Author Loree Lough shared information recently on Smart
Plotting (or how to avoid the dreaded
sagging middle) at a writers’ meeting I attended recently.
She is a bestselling and award winning author of 105
books and more than 5,000.000 fiction and non-fiction books in circulation, as
well as 72 short stories and more than 2,500 articles in print.
The main suggestion I
found helpful was that to fill in the middle, you want to
start the ending. Give readers hints as to what is coming. Since I am more of a
pantser, (writing without a detailed outline), I sometimes do not have a clear
picture of the ending so get hung up in the middle of my story. So I found her
approach interesting.
Sophia Prunty had a chance to speak to author Loree Lough at a recent writers' meeting. |
Cliffhangers are important, she said, because you
want at the end of each chapter to have the reader ask “And then what happens?”
She gave everyone copies of a blank Plot Timeline. You
can add to it or change it as needed, she said. Using a similar timeline will
help you keep track of important details about your hero and heroine, your theme,
the season, setting and time period of your story. The Plot Timeline is useful
for short stories, scripts and even non-fiction, as well as novels.
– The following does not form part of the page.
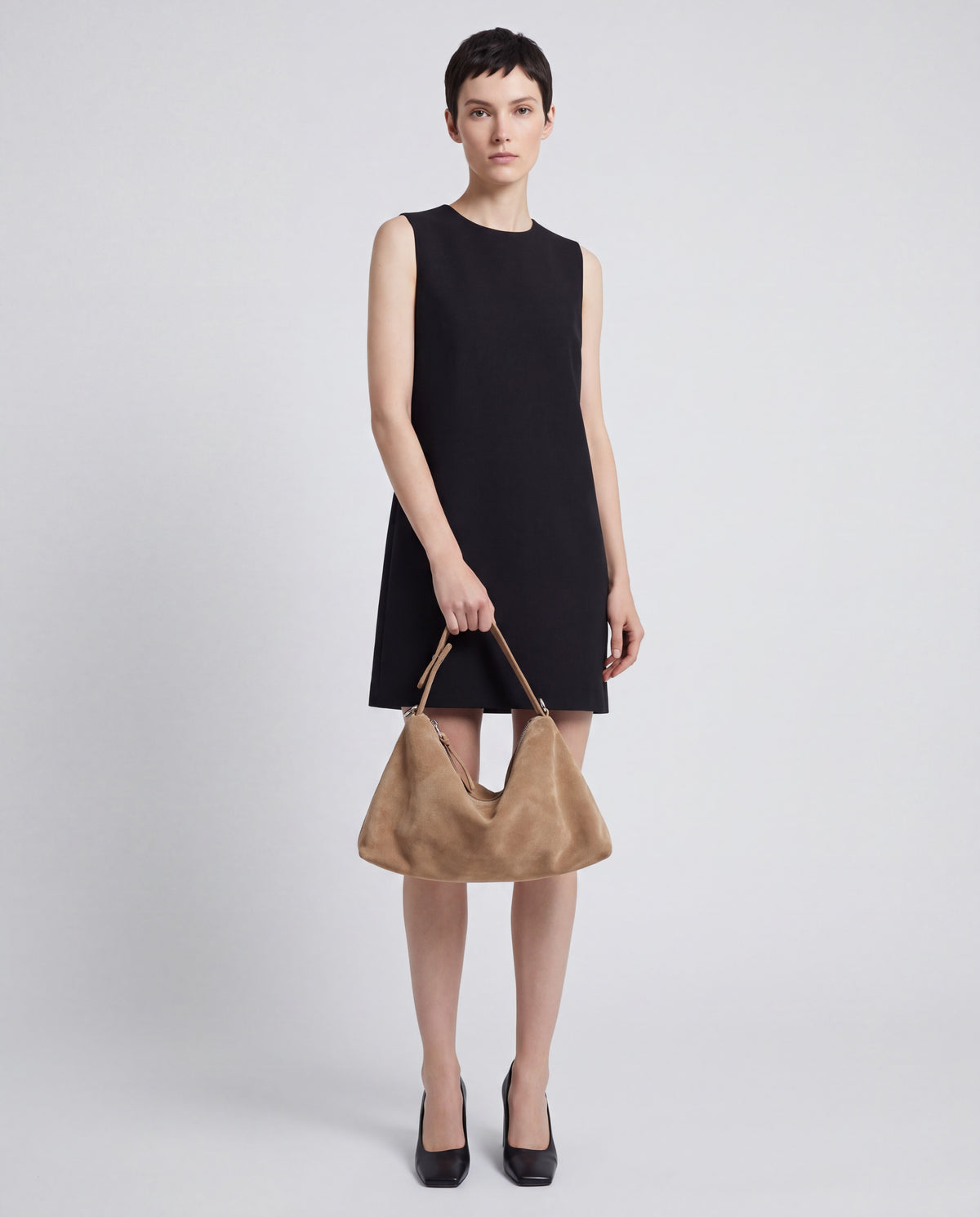 Calma bag in Beige – worn by model, close-up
The timeline has spaces for chapter information and
scenes within each chapter. Plus, she uses tags or symbols to indicate if a
scene is a happy one, sad, spiritual, love or exciting. This gives you the
opportunity to see if you are including enough of what you planned at a quick
glance. As you are reviewing, you can make sure you did not leave something
important out.
She gave an example of one of her earlier stories
where she had introduced the people who had raised an orphaned girl, but forget
to have them later at the girl’s wedding or explain why they weren’t there. So
she had to rework the ending.
In Scene One, you want to introduce the character,
the season and setting and start the action. You do not want to put everything
into that first chapter.
“Jerk their
chain. Pump it up,” she said. Readers want more than just a good story. You
must have emotion in everything. They want to feel, to understand. Stories are
a form of entertainment.
Think of your reader when you are writing, she said.
Inform and entertain the reader. In a mystery, there should be sufficient clues
that the mystery could be solved but also red herrings to throw people off the
track.
If you have writer’s block, do some freestyle
writing, Loree suggested. Prompts are good for this. A short period of just
writing quickly will help you get back to your novel or short story. We often
offer a writing prompt for our critique group and it amazing how many different
approaches there are to the same prompt.
Teen Sophia Prunty, who came to the meeting with her
grandmother Betty Houck, was pleased with the presentation. “It was fun and
very informative. She knew what she was talking about,” she said. “She used
examples from her own stories and showed how the process worked for her.”
Sophia is writing a coming-of-age story about teenagers
and discussed some of it with Loree, who asked questions and mentioned how the
story could go in different directions and how she could give information about
her characters by what they did or their reaction to events instead of just
saying it.
“It was
really good. She used the timeline as a skeleton. Filled that in first and then
worked around it.” Sophia said. “She went to the second step in the planning
process.”
Sophia said she is trying the National Novel Writing
Month challenge (Nanowrimo) for the first time, but is behind because of school
and other activities. “But at least I have some of the writing done, more than I
would have if I had not tried to do this. I will continue to write more.”
Joelle Jarvis, who is president of the Carroll
County Chapter Maryland Writers’ Association, is also participating in
Nanowrimo, along with several of the other 17 writers at the meeting. For more
information about this annual writing challenge check out www.nanowrimo.com.